The source of the latest rumour is a single post on X. On 24 June, leaker and prototype collector Kosutami wrote: “iRing thing under development. What a surprise.” A follow-up confirmed the project is aimed at competing with the Oura Ring 5 and Samsung Galaxy Ring. That’s it. The main reason worth talking about this is that Kosutami has a good track record.
Apple iRing: The context
In October 2024, Bloomberg’s Mark Gurman reported that Apple had no plans for a smart ring, citing internal concern that a finger-worn tracker would cannibalise Apple Watch sales. Oura CEO Tom Hale said the same. Apple’s health division has since moved under new leadership, now led by Eddy Cue, who has reportedly pushed the company toward more aggressive health product ambitions. Whether that shift changed the ring calculation internally isn’t known, but the timing of the rumour’s return is oddly coincidental.
The cannibalisation argument has always been weaker than it sounds. A smart ring, likely priced at around $350, does not deter buyers from a significantly more expensive Apple Watch Ultra 3 or Watch 11. The ring buyer wants discreet, always-on sleep and recovery data without a screen. The watch buyer wants notifications, navigation, workout tracking and a display. These are different people, and Apple’s ecosystem history supports the argument that its wealthier customers routinely invest in multiple devices. A ring is another option.
The more credible cannibalisation risk sits elsewhere. A screenless fitness band, like Google’s Fitbit brand and the one Garmin is approaching with CIRQA, could pull a buyer away from an entry-level Apple Watch for fitness usage; there is cannibalisation in that scenario but the net revenue position is similar. A ring does not cannibalise in the same way. Few people wear a smart band and a smartwatch to capture the same wellness data. A ring and a watch make a reasonable, complementary pairing: the ring covers sleep and recovery, while the watch handles daytime training and is a smart companion to the iPhone.
Apple Watch unit sales fell an estimated 14% in 2025, and the overall wearables segment dropped around 7% from a revenue base of roughly $40 billion annually. Apple appears distracted from addressing this fall, focusing on shoring up its iPhone and Mac lines with credible AI tools and rebuilding Siri. A ring does not solve the Watch sales decline overnight, but it does open a new revenue stream in a category where Oura, Ultrahuman and Samsung have already proved the demand exists. At Apple’s scale, a successful ring would restructure the market.
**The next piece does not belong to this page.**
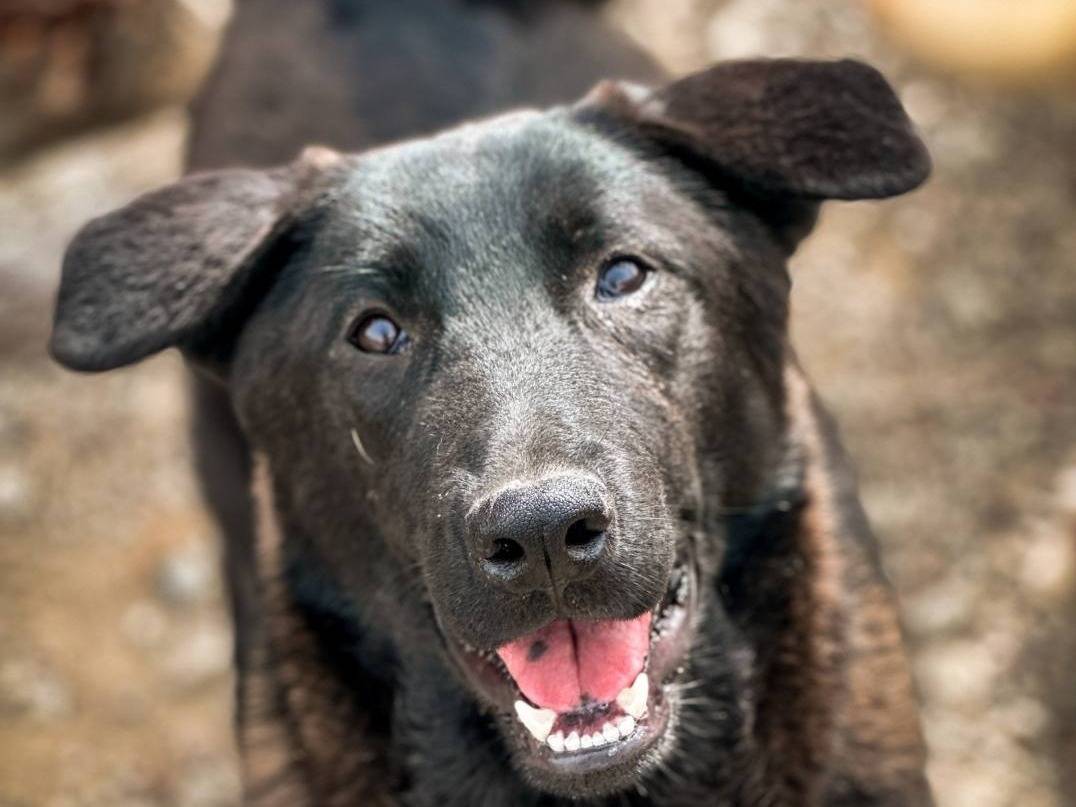 Vuoi adottare un cane a Crotone?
Oura holds broad patents on smart-ring biometric sensing and has already pursued both Samsung and Ultrahuman in US courts. Any Apple ring enters that dispute immediately, with deeper pockets to fight it and deeper pockets to settle it.
Quick answers
No. The sole source is a post on X from leaker Kosutami on 24 June 2026. No specifications, price or launch date exist. Apple has not commented.
Probably not at the higher end. A $350 ring does not displace a $799 Ultra purchase. The risk is at the entry level, where a band competes more directly with a buyer who might otherwise choose an Apple Watch for wellness tracking alone.
Unknown. The project is described as under development, covering everything from early prototypes to near-final hardware. Apple has investigated smart rings for several years without shipping one. A 2027 launch at the earliest would be consistent with Apple’s pattern of entering a category only once it has proved itself commercially.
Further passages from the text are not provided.